El fundamentalismo desconoce el contexto histórico, la tradición cultural y la época en que surgió una creencia religiosa, pero sobre todo, el fundamentalismo desprecia la ironía, la poesía y la imaginación. El fundamentalismo persigue creyentes que tengan una fe absoluta y que no sean capaces de pensar por sí mismos ni de interpretar los supuestos dogmas con arreglo a una lectura simbólica que distinga los elementos retóricos de la verdad de fondo. Para el fundamentalismo, esa lectura racional o imaginativa es una herejía y es un pecado. Cuando un texto sagrado dice una cosa, lo único que se puede hacer es arrodillarse ante esa verdad y acatarla a ciegas. Nadie -ningún creyente verdadero- tiene derecho a oponerse a esa verdad sagrada. Los dogmas son intocables y nadie puede atreverse siquiera a poner en duda su veracidad o su aplicación en un contexto histórico muy distinto. La verdad es sagrada justamente porque es la verdad. Y quien reniegue de ella es un hereje o un infiel que debe ser perseguido o incluso exterminado.

Por desgracia, el fundamentalismo también se ha extendido a la política a lo largo del siglo XX -basta pensar en la fe incuestionable que se imponía a los creyentes como un dogma de fe en los peores tiempos del fascismo y del comunismo-, pero lo malo es que también está renaciendo ahora, en un momento en que podríamos pensar que la conciencia individual y la vasta red de información nos permitirían ser mucho más críticos y más reflexivos ante las supuestas verdades incuestionables. Y ahí tenemos a los siniestros dirigentes de Vox poniendo en cuestión la realidad de la violencia de género contra las mujeres.

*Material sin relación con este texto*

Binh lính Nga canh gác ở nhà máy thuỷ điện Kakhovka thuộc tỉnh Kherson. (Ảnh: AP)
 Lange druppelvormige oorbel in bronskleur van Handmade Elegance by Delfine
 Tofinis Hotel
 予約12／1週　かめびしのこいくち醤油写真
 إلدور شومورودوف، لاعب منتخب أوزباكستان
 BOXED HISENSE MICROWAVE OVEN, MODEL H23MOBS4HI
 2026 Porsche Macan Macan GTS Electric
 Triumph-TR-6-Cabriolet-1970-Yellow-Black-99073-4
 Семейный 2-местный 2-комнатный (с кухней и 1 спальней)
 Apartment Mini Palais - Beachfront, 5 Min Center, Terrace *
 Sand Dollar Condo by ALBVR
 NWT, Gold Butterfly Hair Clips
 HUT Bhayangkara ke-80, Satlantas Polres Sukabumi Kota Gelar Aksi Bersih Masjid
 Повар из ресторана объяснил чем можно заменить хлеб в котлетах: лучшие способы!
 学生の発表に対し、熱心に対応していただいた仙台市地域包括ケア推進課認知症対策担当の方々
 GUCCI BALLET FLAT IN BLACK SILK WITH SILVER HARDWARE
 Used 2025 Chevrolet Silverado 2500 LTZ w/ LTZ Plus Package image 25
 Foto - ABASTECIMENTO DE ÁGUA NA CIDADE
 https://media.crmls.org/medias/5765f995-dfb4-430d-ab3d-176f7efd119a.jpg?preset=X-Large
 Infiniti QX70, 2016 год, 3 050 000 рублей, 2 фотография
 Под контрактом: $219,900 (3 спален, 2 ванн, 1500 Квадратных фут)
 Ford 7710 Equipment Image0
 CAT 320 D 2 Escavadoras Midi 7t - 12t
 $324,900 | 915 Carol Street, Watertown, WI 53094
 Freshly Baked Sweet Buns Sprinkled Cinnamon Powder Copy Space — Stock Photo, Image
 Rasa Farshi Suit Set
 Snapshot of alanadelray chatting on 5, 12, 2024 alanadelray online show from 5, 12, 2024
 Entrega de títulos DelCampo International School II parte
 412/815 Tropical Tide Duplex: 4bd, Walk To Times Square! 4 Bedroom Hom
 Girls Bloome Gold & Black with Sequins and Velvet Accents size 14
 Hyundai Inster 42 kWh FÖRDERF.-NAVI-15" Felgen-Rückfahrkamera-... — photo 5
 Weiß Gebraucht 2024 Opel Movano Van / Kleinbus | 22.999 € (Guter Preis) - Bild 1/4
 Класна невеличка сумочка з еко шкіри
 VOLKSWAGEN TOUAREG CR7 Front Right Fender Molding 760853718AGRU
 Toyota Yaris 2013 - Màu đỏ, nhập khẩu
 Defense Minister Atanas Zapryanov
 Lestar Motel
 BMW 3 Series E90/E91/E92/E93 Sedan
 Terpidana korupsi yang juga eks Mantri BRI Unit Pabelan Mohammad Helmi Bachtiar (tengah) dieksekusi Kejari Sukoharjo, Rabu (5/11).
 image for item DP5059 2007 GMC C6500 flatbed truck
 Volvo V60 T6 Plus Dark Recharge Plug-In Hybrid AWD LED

O en el otro lado, ahí tenemos a los chillones histéricos de la izquierda alternativa poniendo el grito en el cielo porque el primer ministro de Canadá, hace veinte años, se disfrazó de Aladino en una fiesta de nochevieja y se pintó la cara de negro. ¡Racismo!, gritan, ¡insulto intolerable contra las minorías más vulnerables!, protestan, cuando sólo se trata de una broma en una fiesta, e inspirada además por una película de Disney en la que Aladino -al fin y al cabo un personaje oriental- tenía el rostro oscuro y la piel muy morena. Es decir, que para estos nuevos fundamentalistas no existe el humor ni la ironía, ni la broma, ni el deseo de disfrutar en una fiesta de Nochevieja, sino únicamente la adusta y tenebrosa fe de las verdades que no pueden ser puestas en duda de ninguna manera. Y pobre de aquél -a un lado o a otro del espectro político- que se atreva a ponerlas en duda.